Exploring Slice Types in Rust: Understanding Dynamic Types, References, and Their Size and the Traits Involved

Exploring Slice Types in Rust: Understanding Dynamic Types, References, and Their Size and the Traits Involved

·

13 min read

Slice is a dynamically sized view into the contiguous sequence i.e. no copy but a direct view into memory whether stored in the heap or stack. We can make reference to a slice as long as the underlying data structure is contiguous which Rust guarantees.

  • Fized [T;N] - Array.
  • Owned Vec - Vector.
  • Owned String - which is a wrapper around Vec.
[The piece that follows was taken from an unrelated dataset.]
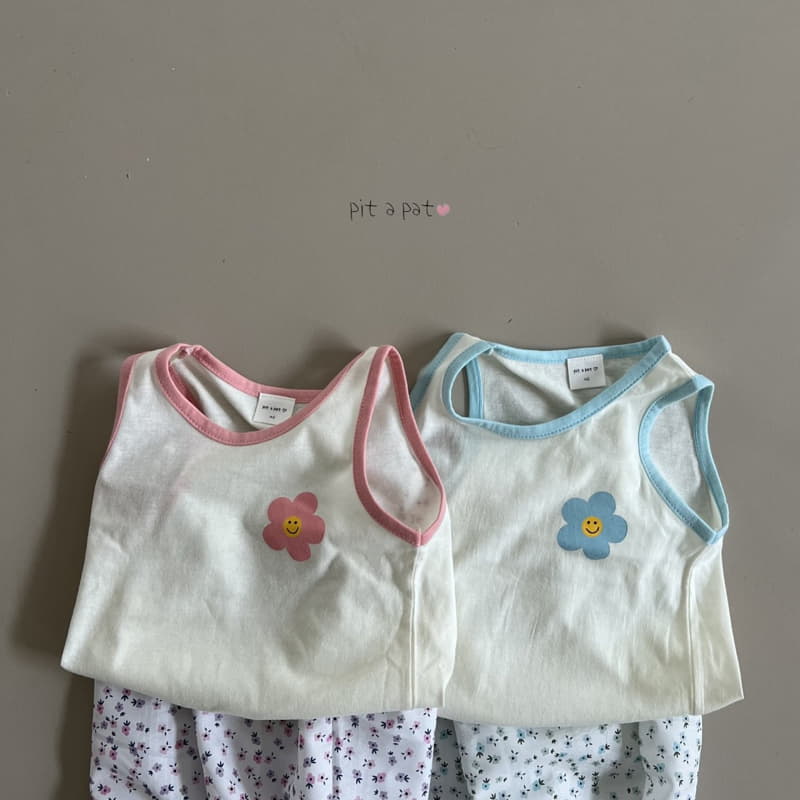 Pitapat - Korean Children Fashion - #littlefashionista - Smile Flower Sleeveless Top Bottom Set - 6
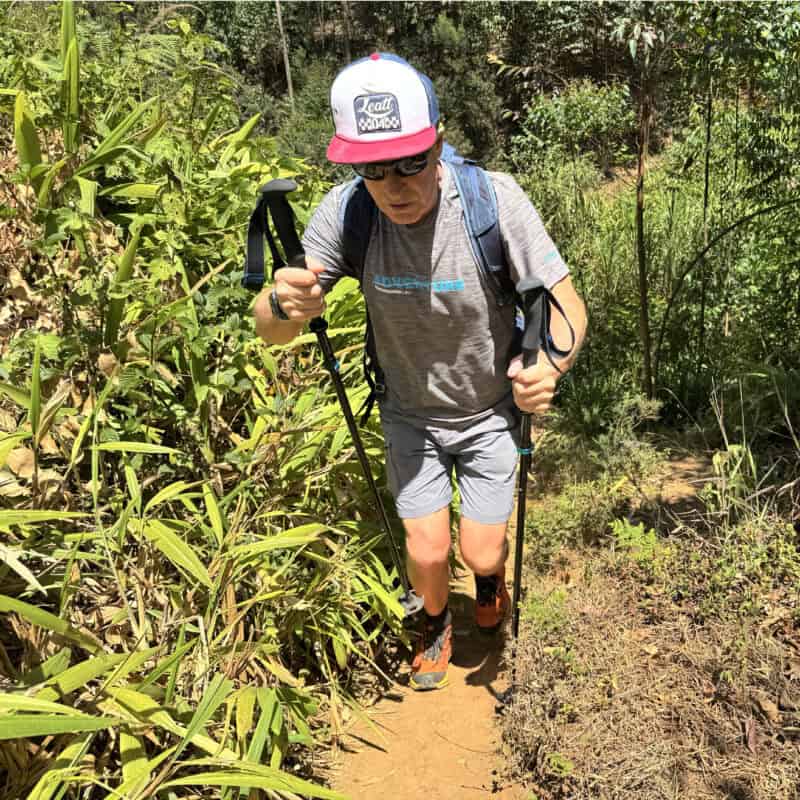 Durante il test FX Lite Carbon sui sentieri di Kagwe (Kenya).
The above contiguous data structures are homogeneous, i.e., they contain the same type of element in them. Calling the slice method on a non-contiguous structure is a compilation error, and, in fact, we can't use slice methods if the collection or container is not contiguous . For example, in the VecDequedata structure, If we want to perform a slice method on VecDeque, we must explicitly convert them as contiguous by calling make_contiguous() on VecDeque type before calling any slice methods on them.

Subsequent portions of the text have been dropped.